* [AIM OF THE EXERCISE] With pictures removed, the data below should be returned exactly.

* [RAW DATA]
================================

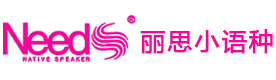 杭州丽思小语种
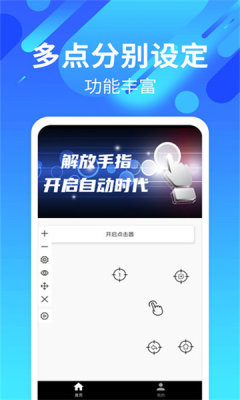 自动连招辅助器小米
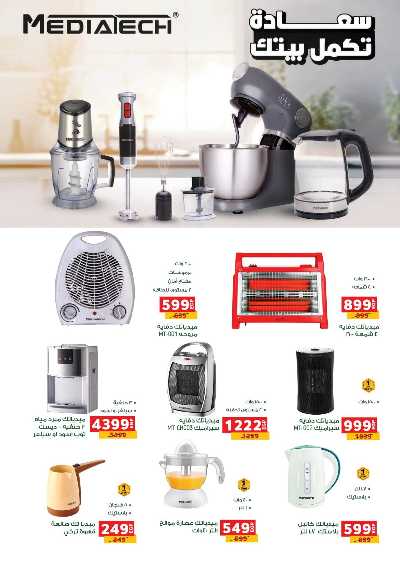 عروض مستلزمات الاطفال من بنده 67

================================

* [SOLUTION TO THIS PROBLEM]
 杭州丽思小语种
 自动连招辅助器小米
 عروض مستلزمات الاطفال من بنده 67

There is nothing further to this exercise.